Our Clifton Waller Barrett Library of American Literature is world renowned for the extent and quality of its literary manuscripts and related correspondence. Two new additions help to illuminate different aspects of the late 19th-century publication process. In 1894 author Frank R. Stockton—perhaps best known for “The Lady, or the Tiger,” submitted the typescript of a science fiction story, “The Magic Egg,” to The Century Magazine. At editor Richard Watson Gilder’s urging, Stockton tightened up the original, ambiguous ending. The original typescript we acquired includes both endings as well as numerous other editorial revisions.

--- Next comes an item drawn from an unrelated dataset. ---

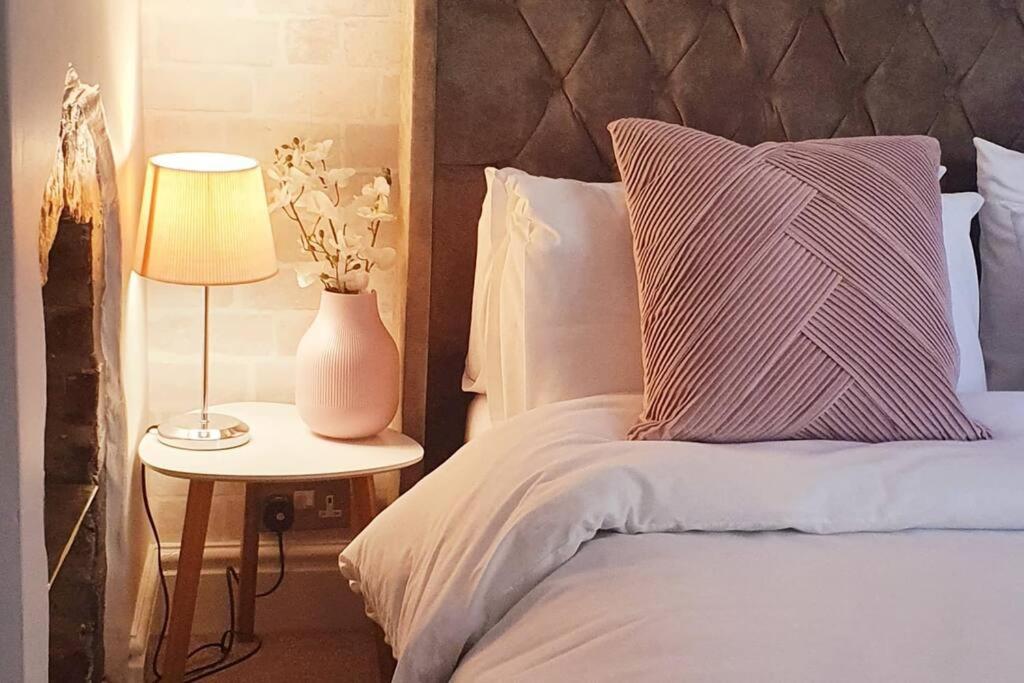 Little Cosy Getaway - York Villa Kültér fotó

Francis W. Doughty (1850-1917) was a prolific author of “dime novel” detective fiction as well as early science fiction tales. For the Barrett Library we have acquired a series of letters from 1892 detailing Doughty’s negotiations with the American News Company—a powerful distributor of popular, mass market fiction—concerning his science fiction/lost race novel, Mirrikh, or, a woman from Mars. Doughty’s agent, Sinclair Tousey, provided regular updates on the number of copies ordered, marketing plans, and efforts to obtain reviews in influential newspapers.